Why is it that the latest Bugatti Veyron doesn’t have the fastest time at the Top Gear test track? How could a highly regulated or constrained 2004 Renault R24 Formula One outperform it? The Bugatti outperforms the F1 in many tests; but not on that prestigious Top Gear track due to the design trade-offs their designers made. We also don’t know if the driver of the Bugatti really was in tune with this vehicle. Martin Thompson provides an excellent metaphor from racing to software development in his blog Mechanical Sympathy.
"The name "Mechanical Sympathy" comes from the great racing driver Jackie Stewart, who was a 3 times world Formula 1 champion. He believed the best drivers had enough understanding of how a machine worked so they could work in harmony with it." -Martin Thompson
In the software world, “Mechanical Sympathy” comes down to pursuing the principle of building software with an intimate knowledge of the underlying hardware. i.e. If you know your hardware platform, how that platform works, and where it may be advancing, you can optimize your software to realize higher efficacy today and be able to scale along with the advancements.
In this post, we will investigate this principle further and answer the question about how AMPS running on best of breed commodity hardware can be 2.5 times faster in message processing and delivery throughput than a specialized hardware appliance.

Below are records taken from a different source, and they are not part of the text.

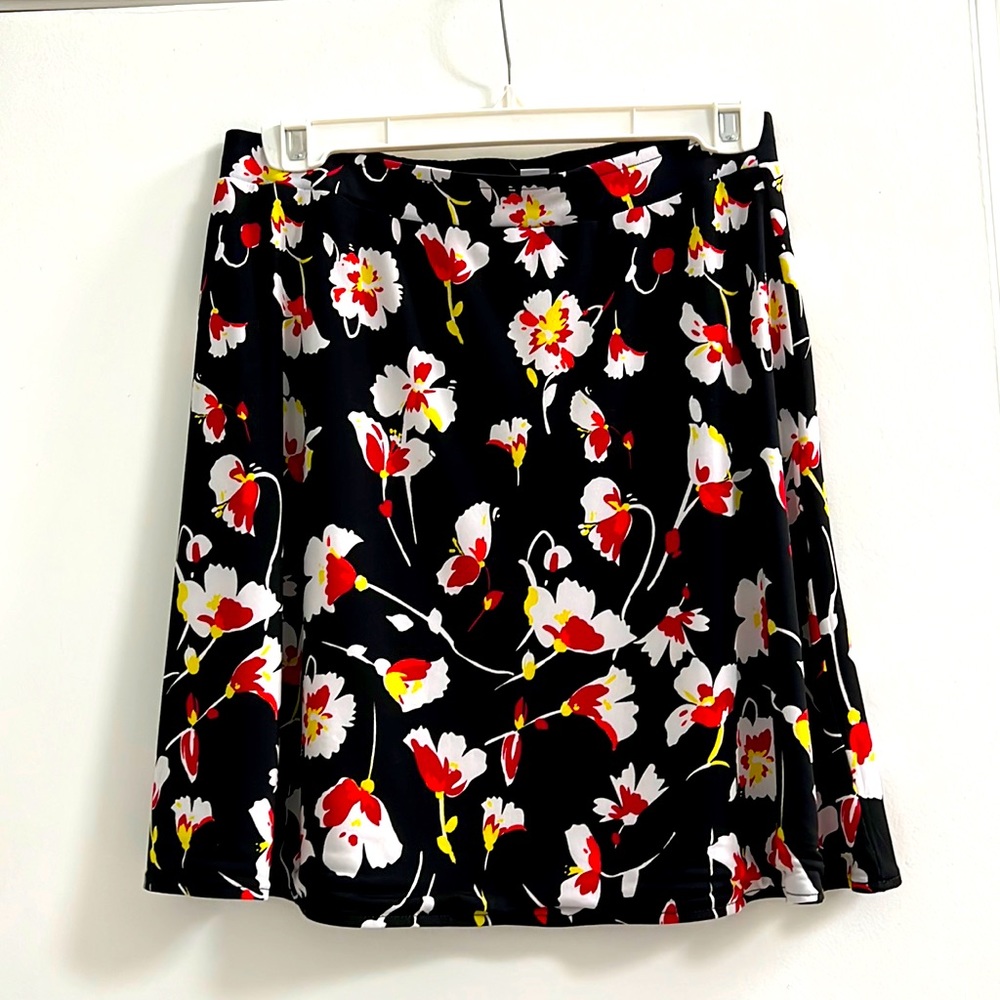Lightly Worn Pull-On Black/Multi Color Skirt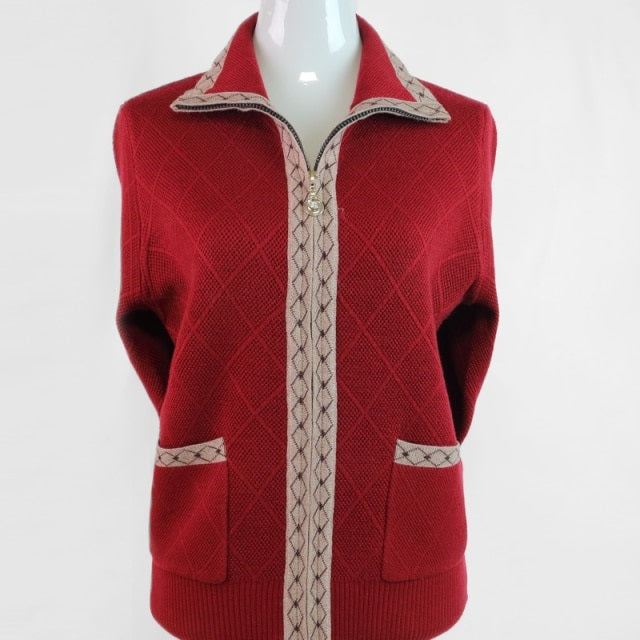Middle Aged And Elderly Wear Heavy Coats Sweaters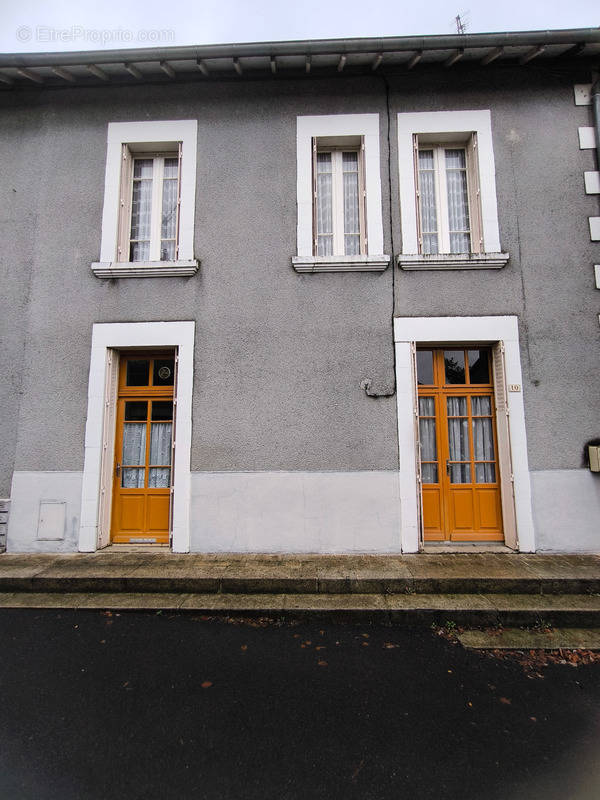 Maison à EXIDEUIL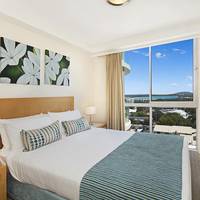 One-Bedroom Apartment with Sea View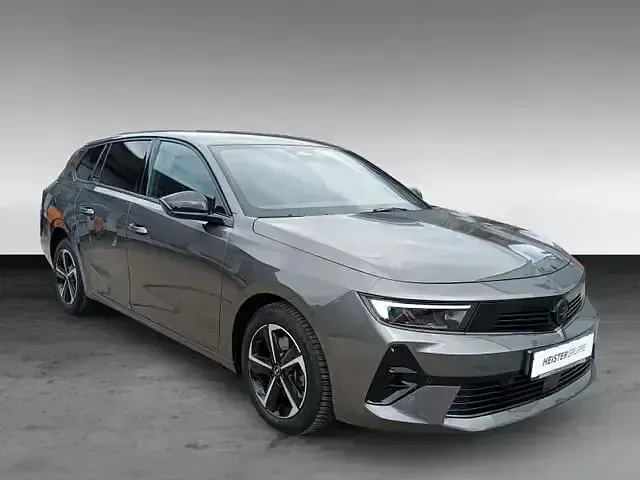 Gebraucht Opel Astra 131 PS (96 kW) 2025 Lackierung platiniumgrau/typ au (metallic) Kleinwagen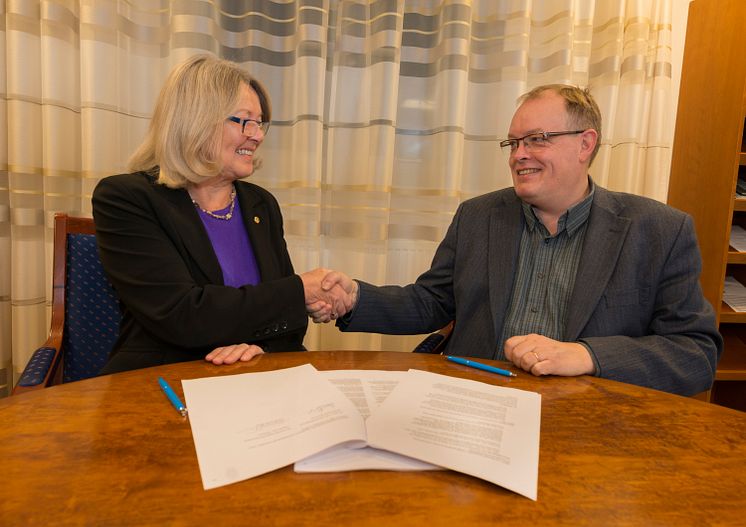 Lisa Sennernby Forsse, rektor för SLU, och Björn Risinger, generaldirektör för Havs- och vattenmyndigheten. Foto: Mark Harris.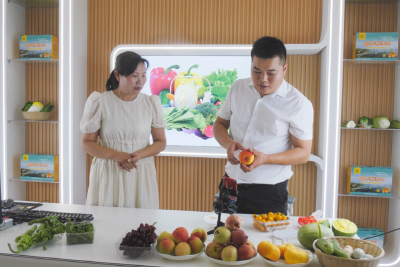 书记做直播 带“火”农家果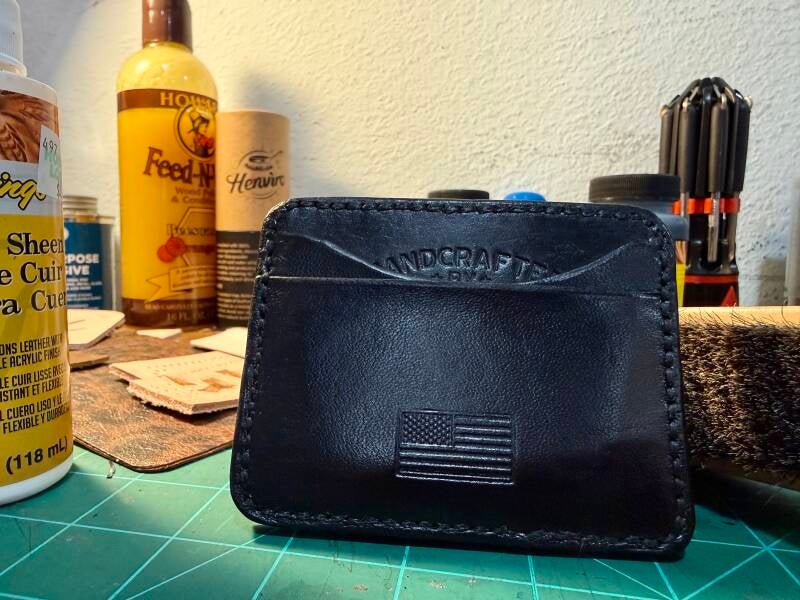 Minimalist card wallet (Front)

Losing the first Heat but Winning in Record Time in the Final:
Admittedly, a while back, AMPS was in a similar situation and was outperformed on a test that was like a Top Gear track. The use case was quite a niche one that mostly relied on our state of the world cache and not a lot of our other capabilities. A specialized software vendor made us humble as their product outperformed what we thought was an analogy to a Bugatti, AMPS. We started the race by out-lapping our opponent as we were 30X faster on inserts however after a few more laps we noted we were significantly slower in the querying. The AMPS approach is optimized for frequently-updated and changing data. Most AMPS applications use subscriptions as a “continuous query” that delivers results as the row is inserted. For other applications, AMPS employs a sophisticated parallel divide and conquer approach to querying. This use-case was more of a ‘write once, then distribute’ model. The test provided an a-priori knowledge of keys and begged for an index based approach. Divide and conquer wasn’t good enough in this case. We wanted to win!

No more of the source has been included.